Goldberg, also the regular host of Washington Week on PBS, suspected the text chain wasn’t authentic, but perhaps some sort of disinformation campaign designed to mislead the press and/or others.
“But if it was a hoax, the quality of mimicry and the level of foreign-policy insight were impressive,” Goldberg wrote.
One of the texts attributed to Hegseth indicated the first attacks would be in Yemen at 1:45 p.m. eastern time on March 15.
“If this Signal chat was real, I reasoned, Houthi targets would soon be bombed,” Goldberg wrote. “At about 1:55, I checked X and searched Yemen. Explosions were then being heard across Sanaa, the capital city.”
Goldberg subsequently sought and received confirmation from a National Security Council spokesperson that the group chat to which somehow he had been added “appears to be an authentic message chain.”
The NSC is “reviewing how an inadvertent number was added to the chain,” the spokesman told Goldberg.
“Using an unclassified communications platform to discuss classified military operations and being careless enough to add someone without the proper clearance is a dangerous level of incompetence,” Rosen said in her statement Monday.
“Congress needs to immediately hold hearings to get answers about how such a thing can happen, and we must hold those involved in this major national security breach accountable,” Rosen said.

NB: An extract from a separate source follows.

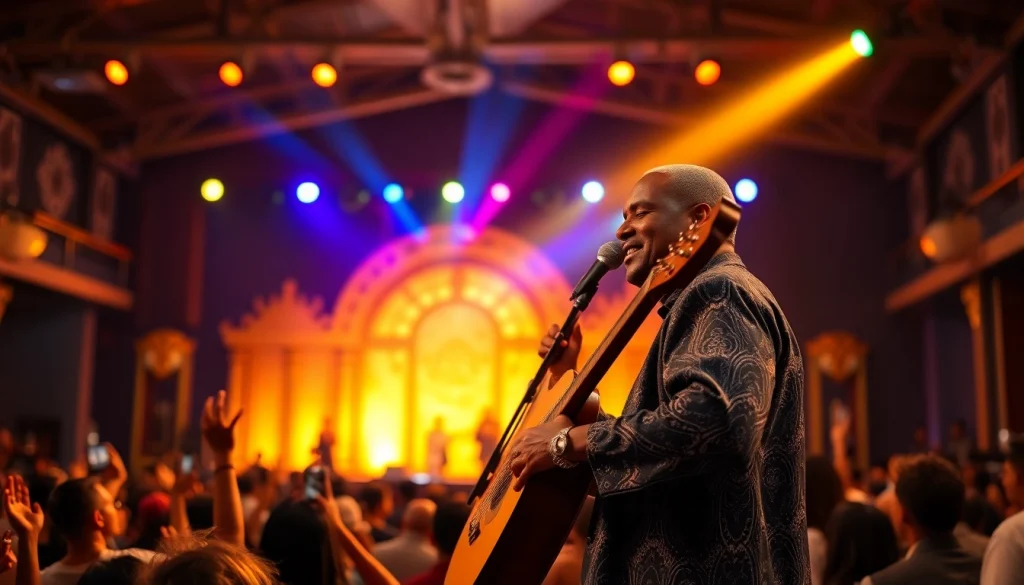 Kora live concert featuring a dynamic musician connecting with an energetic audience.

Rosen was one of several members of Congress, of both parties, expressing a mix of outrage and disbelief at the security breach.
Nevada Democratic Rep. Dina Titus on social media also blasted the leak, saying “Stupid is as stupid does,” and asking “What other non-government officials have been included on similar group chats?”

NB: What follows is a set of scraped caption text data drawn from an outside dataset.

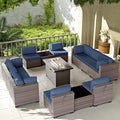 Kullavik 13 Pieces Outdoor Patio Furniture Set with 43" 55000BTU Gas Propane Fire Pit Table PE Wicker Rattan Sectional Sofa Patio Conversation Sets,Navy Blue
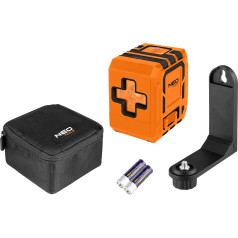 Neo Tools 30 m ilgio kryžminis lazeris, su dėklu ir magnetiniu laikikliu, žalias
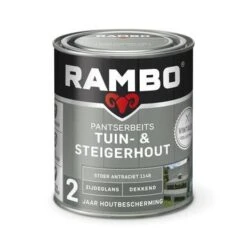 Rambo Vintage Pantserbeits Tuin- En Steigerhout Dekkend Stoer Antraciet Zijdeglans 750 Ml -Tuinmeubel Verkoop 123 5833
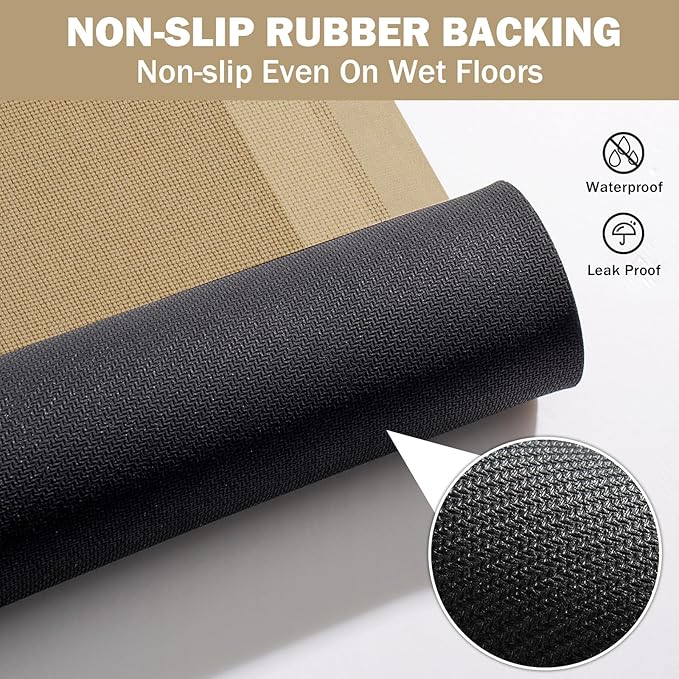 Non Slip Long Bathroom Runner Rug Bath Mat, Rubber Backing Ultra Thin Bathroom - Image 4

And Nevada Democratic Sen. Catherine Cortez Matso on social media described the security breach as an act of “unacceptable incompetence” that could have had “catastrophic consequences.”
Republican House Speaker Mike Johnson, however, brushed off the blunder Monday, telling The Hill that Waltz, who evidently was the person who added Goldberg to the text chain, should not be disciplined.
“Apparently an inadvertent phone number made it onto that thread. They’re gonna track that down and make sure that doesn’t happen again,” Johnson said.
Meanwhile, “It is worth noting,” Goldberg wrote in his story, “that Donald Trump, as a candidate for president (and as president), repeatedly and vociferously demanded that Hillary Clinton be imprisoned for using a private email server for official business when she was secretary of state.”